È un’ipotesi per nulla ragionevole: sarebbe impensabile occupare militarmente un territorio immenso e poco ospitale come quello russo. Secondo una visione europea di tipo neocoloniale, la disintegrazione della Russia sarebbe invece un obiettivo auspicabile e fattibile. Per meglio sfruttare le risorse altrui, vale tuttora il principio inaugurato da Filippo II il Macedone: divide et impera. E l’Ue saprebbe declinare il questo motto, caro a Luigi XI di Francia, in modo sapiente, attraverso la saggia mano finanz-capitalista che la governa.
Come potrebbe cambiare la geografia politica? Gli europeisti più entusiasti fanno circolare sui social media la mappa qui sotto.

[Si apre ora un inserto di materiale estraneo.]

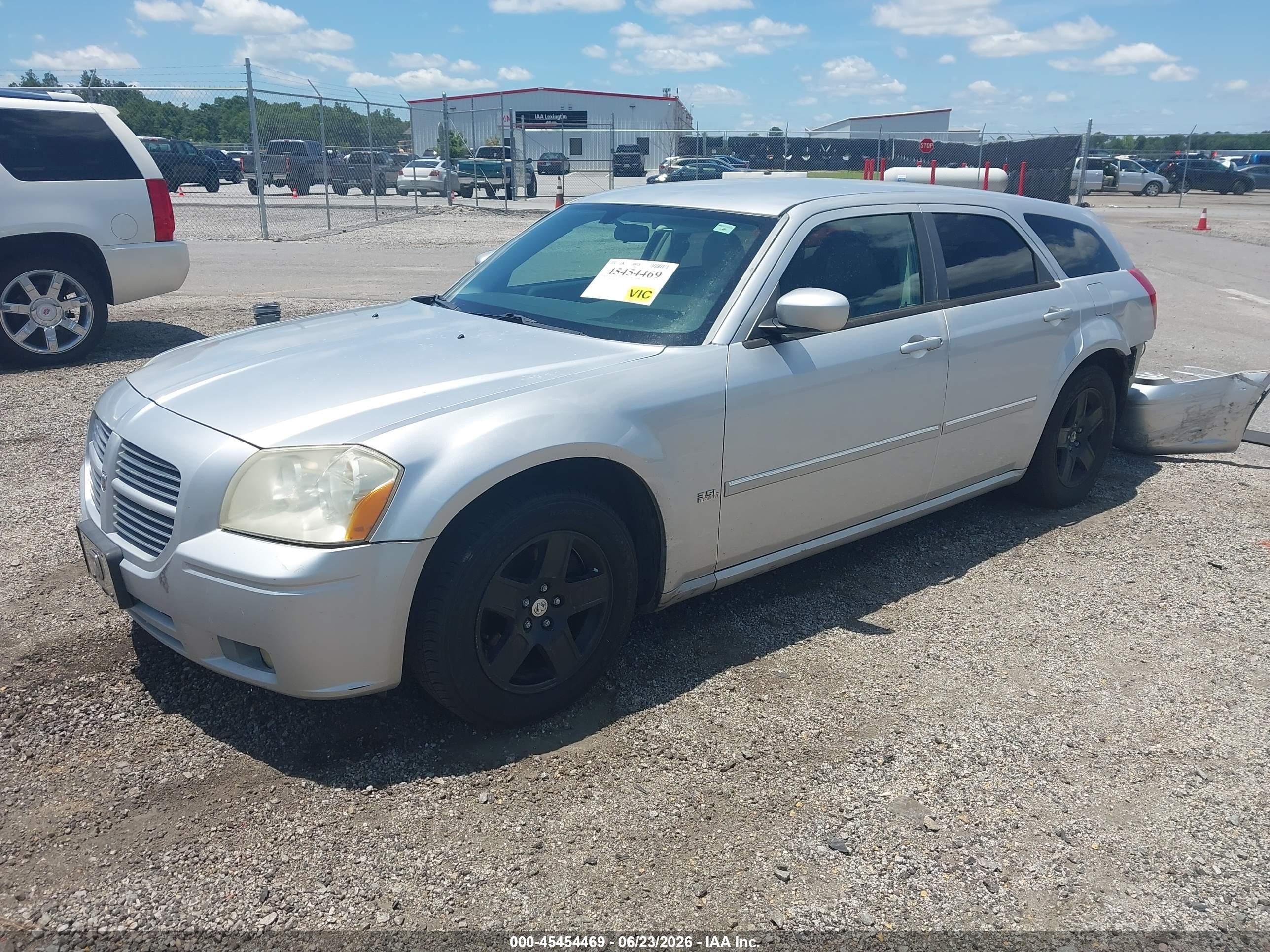 2006 Dodge Magnum   Silver vin: 2D4FV47V36H128308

Chi vuole dare esempio di minimalismo, moderazione e realismo, si limita alla frammentazione seguita alla Rivoluzione di ottobre. La guerra civile che devastò il paese dal 1918 al 1920 fu alimentata dalle generose donazioni dell’Occidente democratico e vide il sorgere di vari staterelli (vedi figura sotto). Non mancano mappe immaginarie più complesse e ardite. Sono quelle fantasticate da chi, pur diversamente adolescente, frequenta il gioco del Risiko con assiduità. E mira a conquistare la Jacuzia.

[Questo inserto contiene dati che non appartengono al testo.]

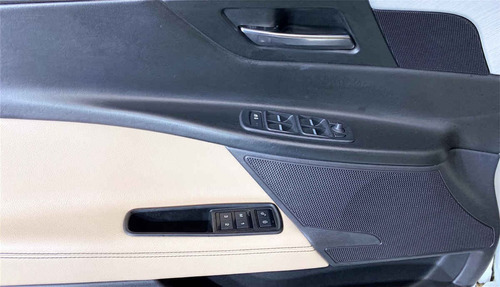 Imagen 8 de 15 de 116966 - Jaguar Xe 2016 Con Garantía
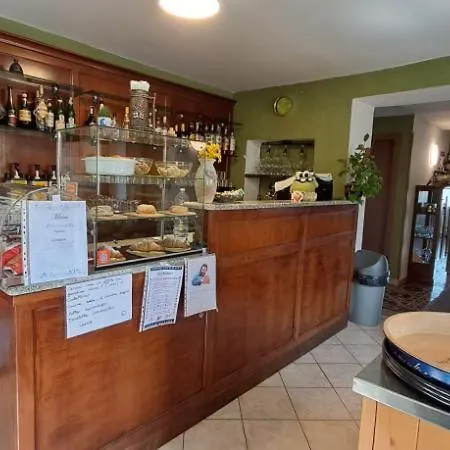 Desdemona House Pub * Castellino Tanaro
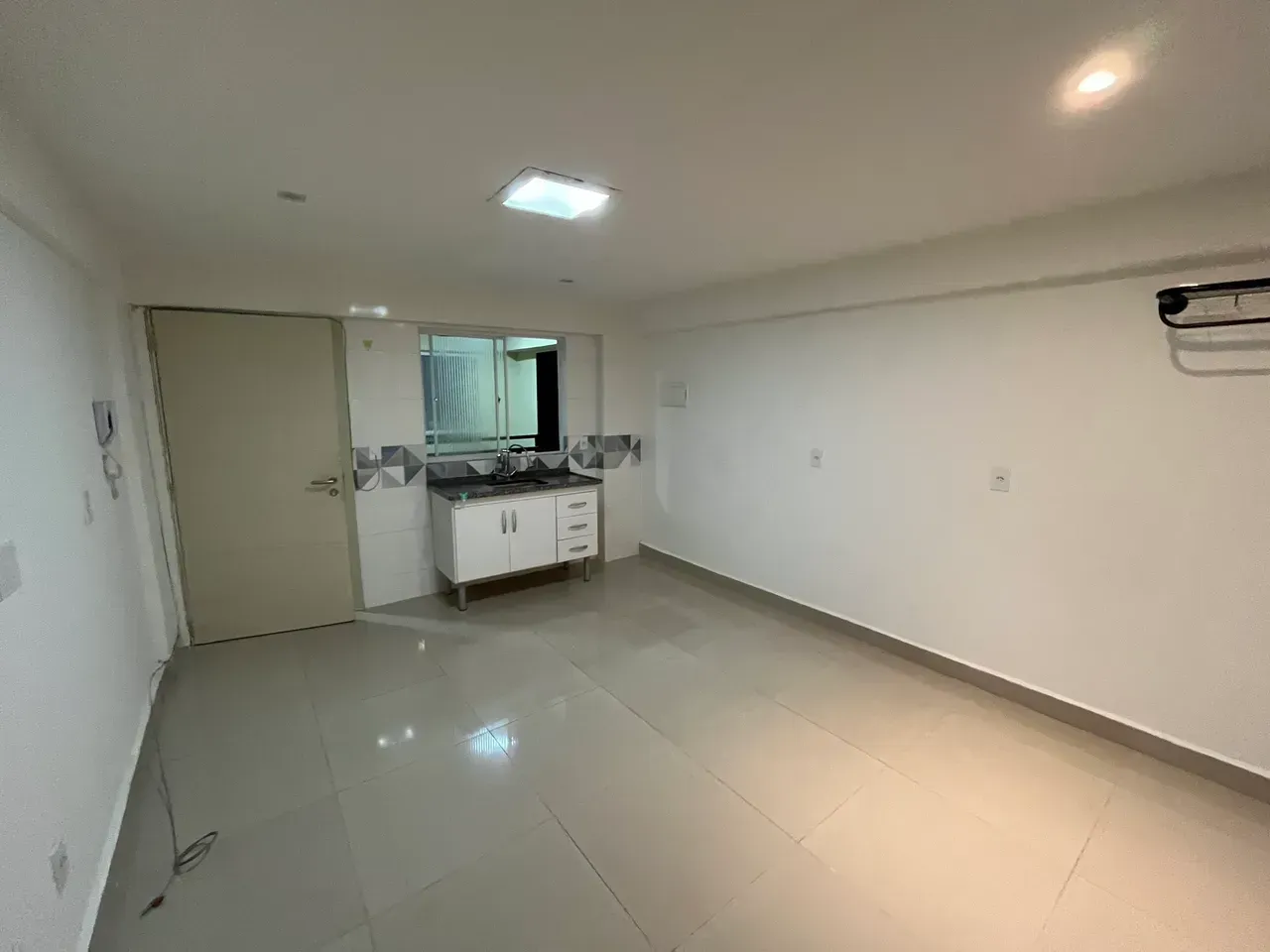 Estúdio reformado de 20 m² com 1 banheiro e ar-condicionado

La storia narra molte disgregazioni imperiali. L’ultimo grande impero a implodere fu quello austro-ungarico, diretta conseguenza della Grande Guerra. Era l’erede del Sacro Romano Impero, un modello che ispira gli europeisti più appassionati. La trasformazione dell’impero asburgico in austro-ungarico si era realizzata nel XIX secolo anche per tenere conto delle diverse anime al suo interno. C’erano gli austriaci (tedeschi) della Cisleitania e gli ungheresi (magiari) della Transleitania; i cechi in Boemia e Moravia e gli slovacchi; i polacchi della Galizia e i ruteni della Galizia orientale e della Rutenia; gli sloveni e i croati della Slavonia; i serbi di Voivodina e Bosnia-Erzegovina; i rumeni in Transilvania, Banato e Bucovina; gli italiani in Trentino, Trieste, Istria e Dalmazia; i bosgnacchi (bosniaci musulmani) della Bosnia-Erzegovina.
Nonostante un buon governo — dove la complessità amministrativa conciliava le diverse anime nazionali, etniche e religiose — l’Impero austro-ungarico di dissolse in brevissimo tempo. Le diversità presto sovrastarono il pur diffuso sentimento comunitario, maturato per quasi un millennio. Come insegna Robert Musil, quando le cose vanno male e l’ordine comune vacilla, riemergono fratture, egoismi, identità rigide e linguaggi vuoti.
Leggendo un saggio sulla Grande Guerra, scopro come le dinamiche e le debolezze dell’Ue abbiano non poche, inquietanti somiglianze con quelle che fiaccavano l’impero di Francesco Giuseppe alla vigilia dell’attentato di Sarajevo. Se s’imbarca in una guerra contro la Russia, in caso d’insuccesso l’Ue rischia la dissoluzione. Anche l’integrità degli stati dell’Unione potrebbe essere messa in discussione. Gli egoismi, le identità rigide e i linguaggi vuoti non mancano in Europa. La nuova carta dell’Europa post-bellica potrebbe richiamare molto da vicino quella del 1440 (vedi figura sotto), quando la pace di Westfalia (1648) era ancora un miraggio. Sarebbe un esito non troppo sgradito a chi governa le Americhe e l’Estremo Oriente.